[Captioned web image data]
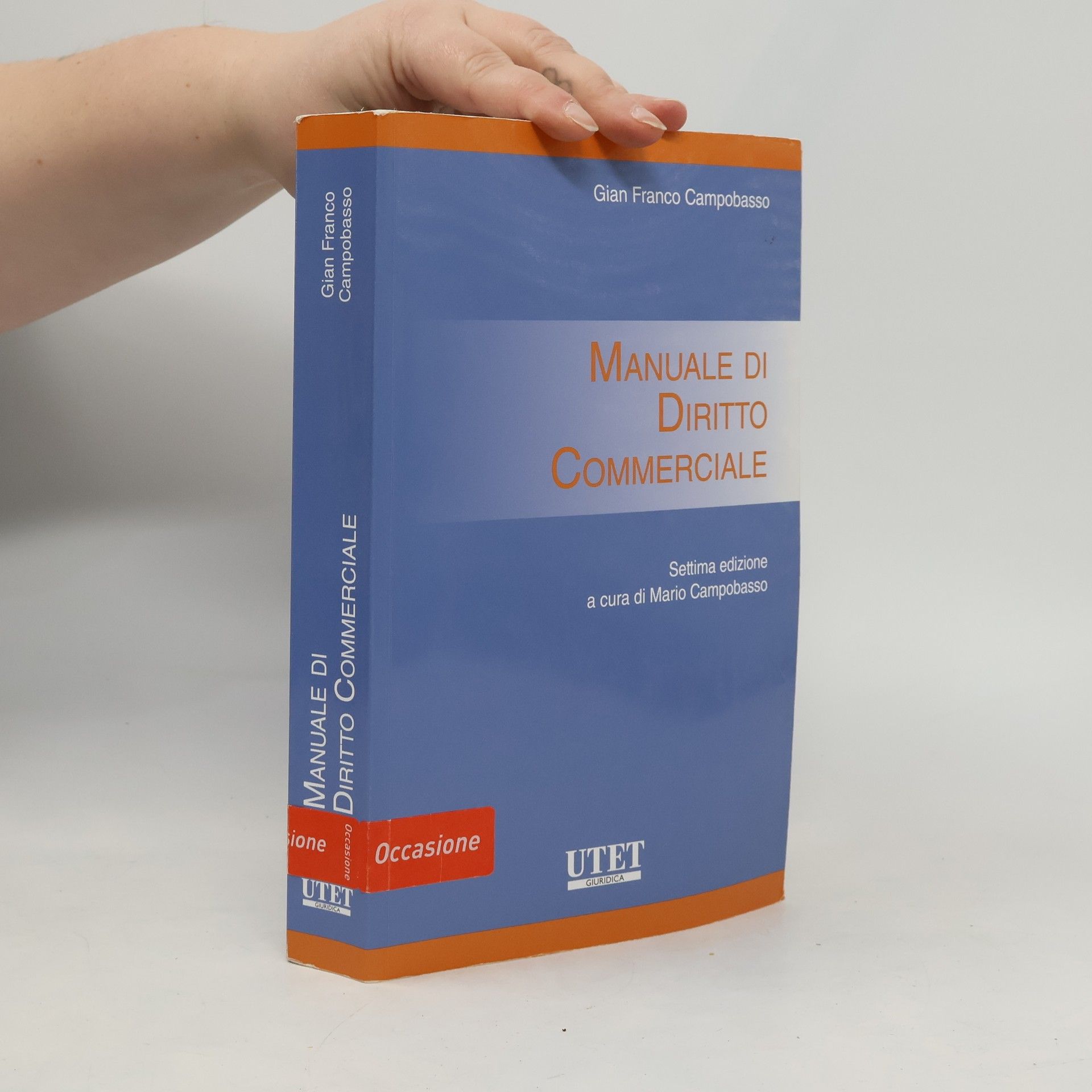 Gian Franco Campobasso Manuale di diritto commerciale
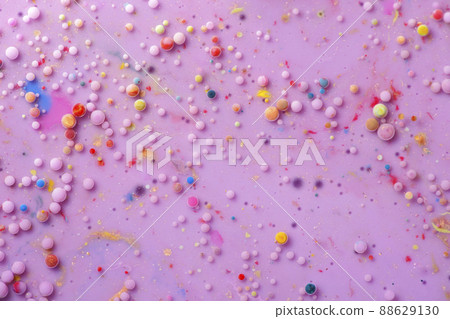 Colorful paint and polka dot abstract background Colorful paint and polka dot abstract background 88629130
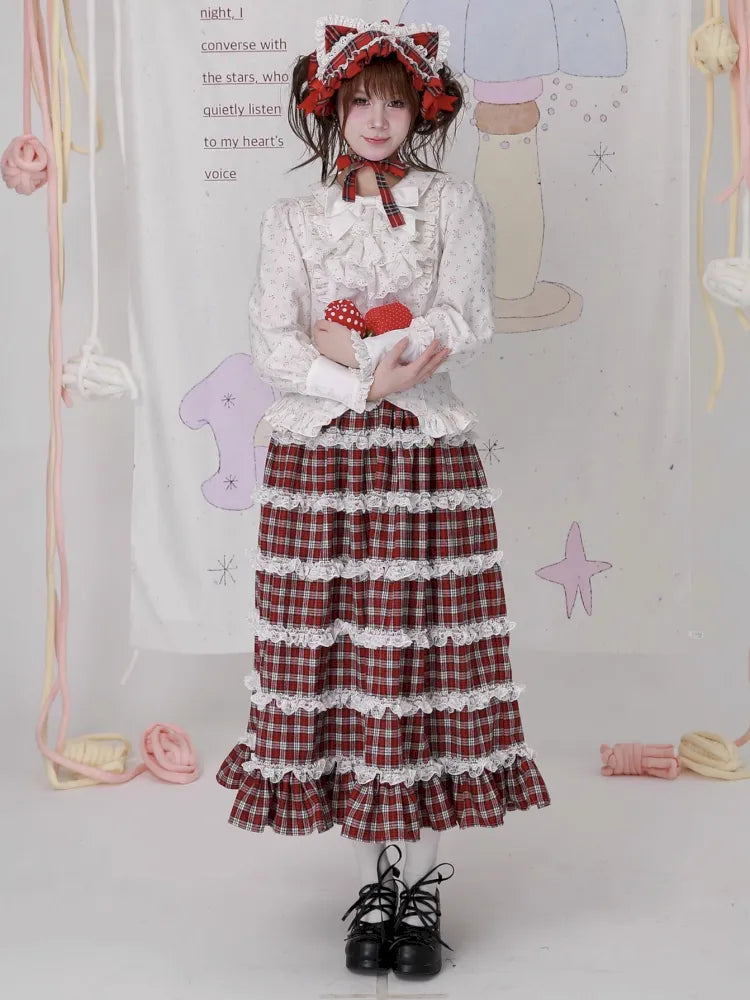 Lolita Showa-Era Girl Adorable Niche Half-Skirt【s0000014105】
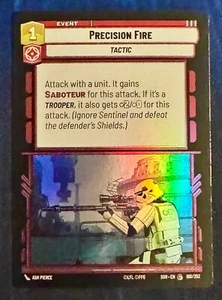 Star Wars Unlimited Spark of Rebellion Precision Fire FOIL Common Card - Picture 1 of 2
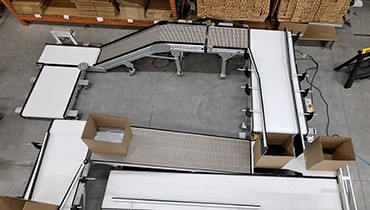413) count and box packaging conveyor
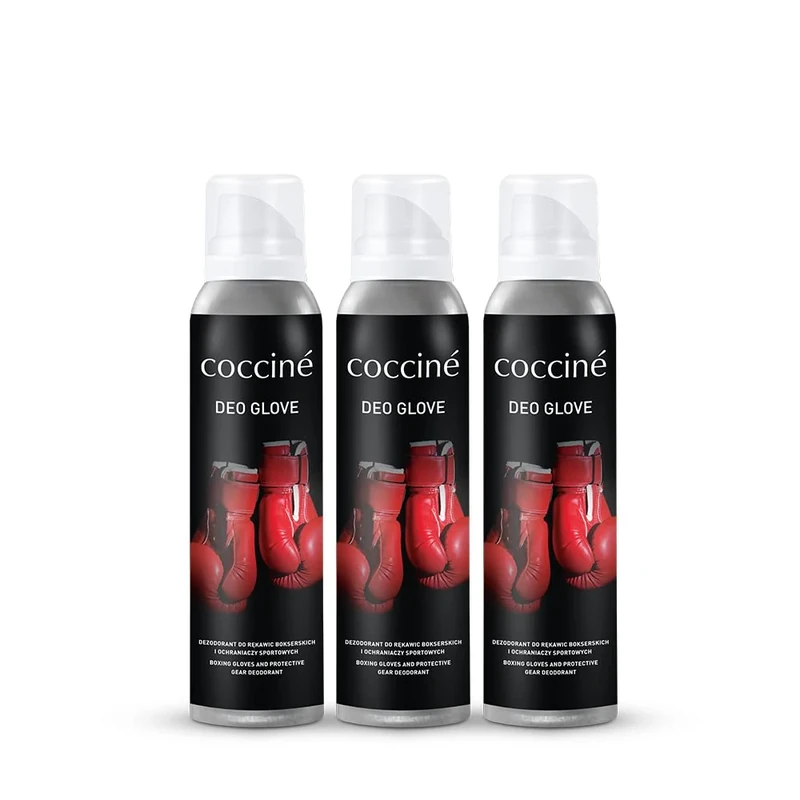 Cocciné - Deodorant für Boxhandschuhe, Fitness Handschuhe und Gym Handschuhe, Deo Spray für Boxhandschuhe Männer und Damen, Antibakterielle Geruchsentferner, Deo Box Handschuhe Gegen Geruch - 3st. - Image 1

=== What to do ===
Leaving out the pictures, repeat the data above exactly.

=== Result of this exercise ===
 Gian Franco Campobasso Manuale di diritto commerciale
 Colorful paint and polka dot abstract background Colorful paint and polka dot abstract background 88629130
 Lolita Showa-Era Girl Adorable Niche Half-Skirt【s0000014105】
 Star Wars Unlimited Spark of Rebellion Precision Fire FOIL Common Card - Picture 1 of 2
413) count and box packaging conveyor
 Cocciné - Deodorant für Boxhandschuhe, Fitness Handschuhe und Gym Handschuhe, Deo Spray für Boxhandschuhe Männer und Damen, Antibakterielle Geruchsentferner, Deo Box Handschuhe Gegen Geruch - 3st. - Image 1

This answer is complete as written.